FIG. 1 is a schematic system diagram showing an overall configuration of a YAG laser welding apparatus according to an embodiment of the present invention.

FIG. 2A is a plan view and FIG. 2B is a cross-sectional view of a base member and a cover member according to the embodiment of the present invention.

3A is a plan view, FIG. 3B is a cross-sectional view, and FIG. 3C is a cross-sectional view of a modified example of the mask according to the embodiment of the present invention.

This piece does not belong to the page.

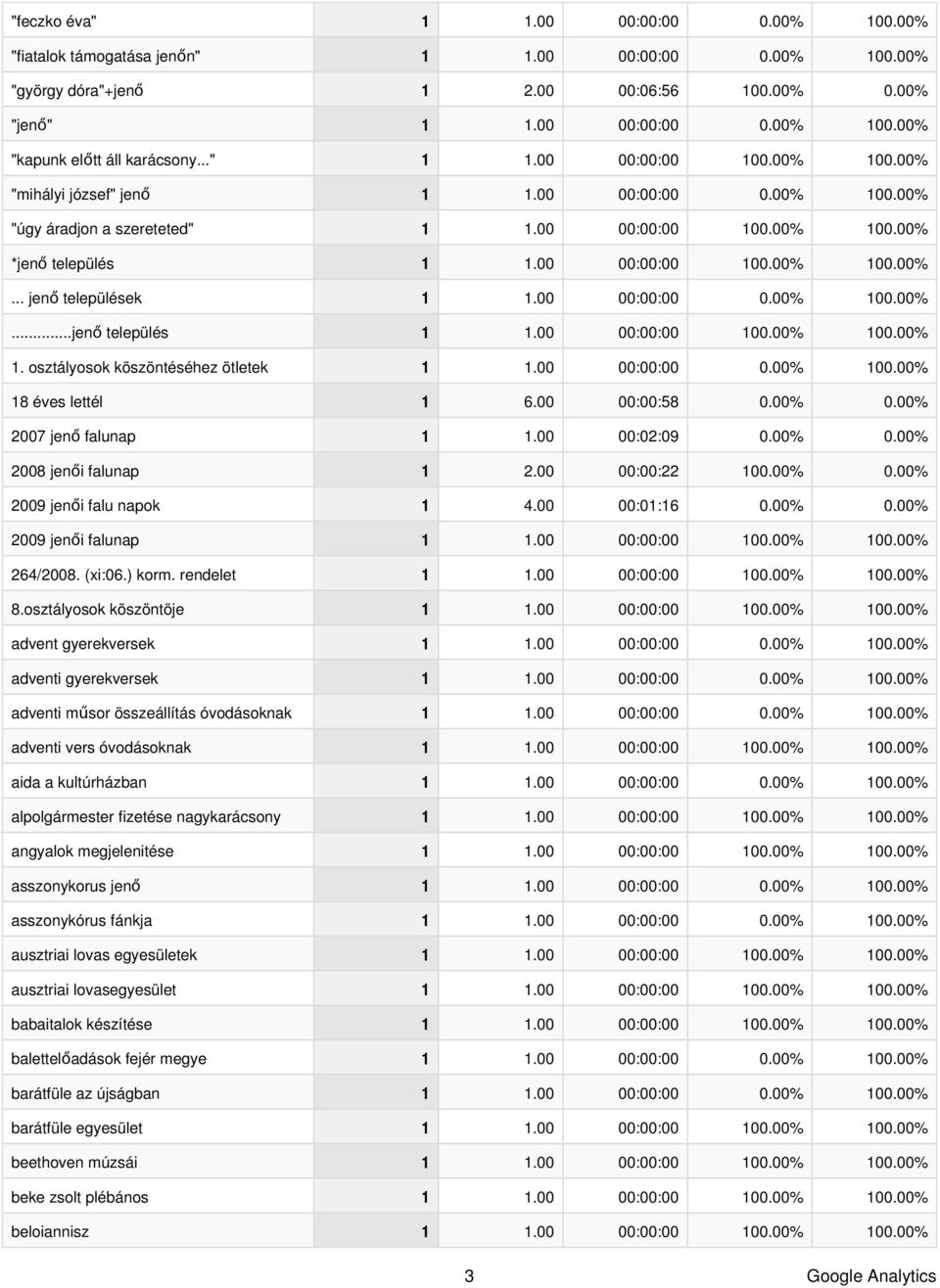 osztályosok köszöntéséhez ötletek 1 1.00 00:00:00 0.00% 100.00% 18 éves lettél 1 6.00 00:00:58 0.00% 0.00% 2007 jenő falunap 1 1.00 00:02:09 0.00% 0.00% 2008 jenői falunap 1 2.00 00:00:22 100.00% 0.00% 2009 jenői falu napok 1 4.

FIG. 4A shows a case where a projection is provided on a base member, and FIG. 4B shows a case where a projection is provided on a cover member, in a joint surface between a base member and a cover member according to an embodiment of the present invention;
(C) corresponds to the case where the projection provided on the base member is sharpened toward the tip, (D) corresponds to the case where the projection provided on the cover member is sharpened toward the tip, and (E) corresponds to the projection provided on the base member. (F) is a cross-sectional view illustrating a case where a groove is provided in the cover member, and FIG.

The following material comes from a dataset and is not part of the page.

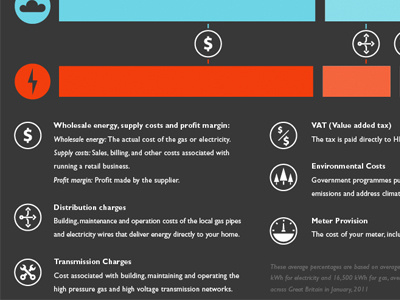 Energy Infographic icons infographic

FIG. 5 is a schematic system diagram showing an overall configuration of a YAG laser welding device according to a modification of the embodiment of the present invention.

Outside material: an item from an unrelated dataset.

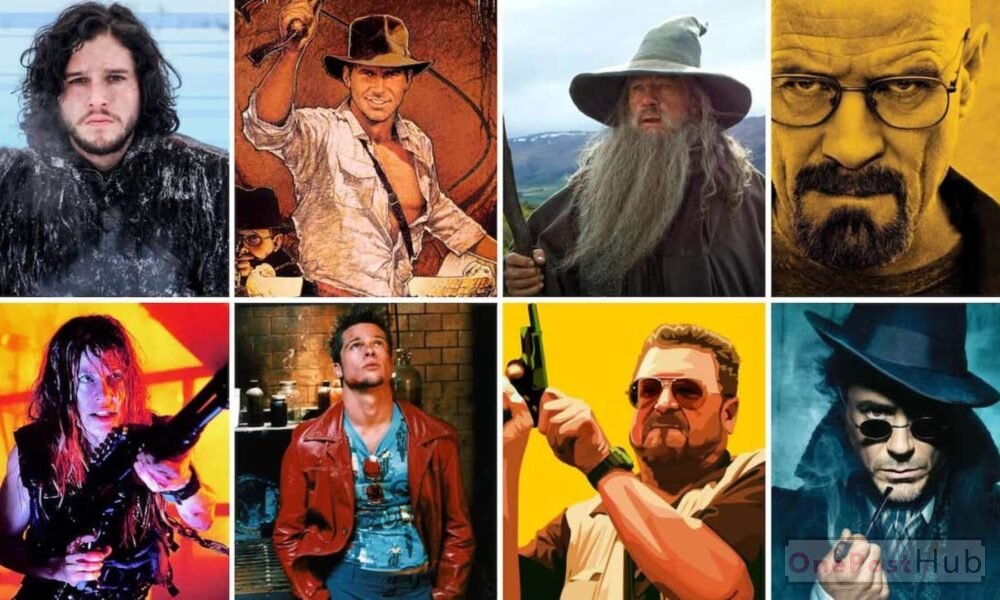 Character Archetypes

FIG. 6 illustrates a YA according to a second modification of the embodiment of the present invention.
It is a schematic system diagram showing the whole composition of a G laser welding device.

[Explanation of symbols]

 REFERENCE SIGNS LIST 10 YAG laser welding device 12 cover member (transparent resin material) 12A protrusion 12B protrusion (sharp) 12C groove 14 base member (non-transparent resin material) 14A protrusion 14B protrusion (sharp) 14C groove 16 welding line 20 laser oscillator 50 processing optical system 54 Mask 54A Transmission part (mask) 54B Non-transmission part (mask) 55 Mask 80 Welding part 90 YAG laser welding equipment 92 Mask 100 YAG laser welding equipment

Claims (5)

[Claims] 1. A space formed of a box-shaped base member made of a resin material and having an opening, and a cover member made of a resin material and joined to cover the opening of the base member. In the method for manufacturing a container, one of the base member and the cover member is formed of a resin material that easily transmits laser light, and the other is formed of a resin material that hardly transmits laser light; A mask that transmits light over
The laser light is provided on one side formed of a resin material that easily transmits the laser light, the cover member is superimposed on an opening of the base member, and the laser light is transmitted through the mask to the base member and the base member. A method for manufacturing a container, comprising: irradiating the base member with the cover member by irradiating the base member with the cover member at the same time by irradiating the entire periphery of the joint surface with the cover member. 2. A method according to claim 1, wherein a protrusion is provided on one of the base member and the cover member over the entire periphery of the joint surface between the base member and the cover member, and the protrusion is irradiated with laser light. The method for producing a container according to claim 1, wherein 3. The method for manufacturing a container according to claim 2, wherein the projection is sharpened toward a tip. 4. The other member has a groove corresponding to the protrusion and into which the protrusion is inserted when the base member and the cover member are overlapped. Manufacturing method of container. 5. The production of a container according to claim 1, wherein a predetermined compressive load is applied in a state in which the cover member is overlapped on the opening of the base member. Method.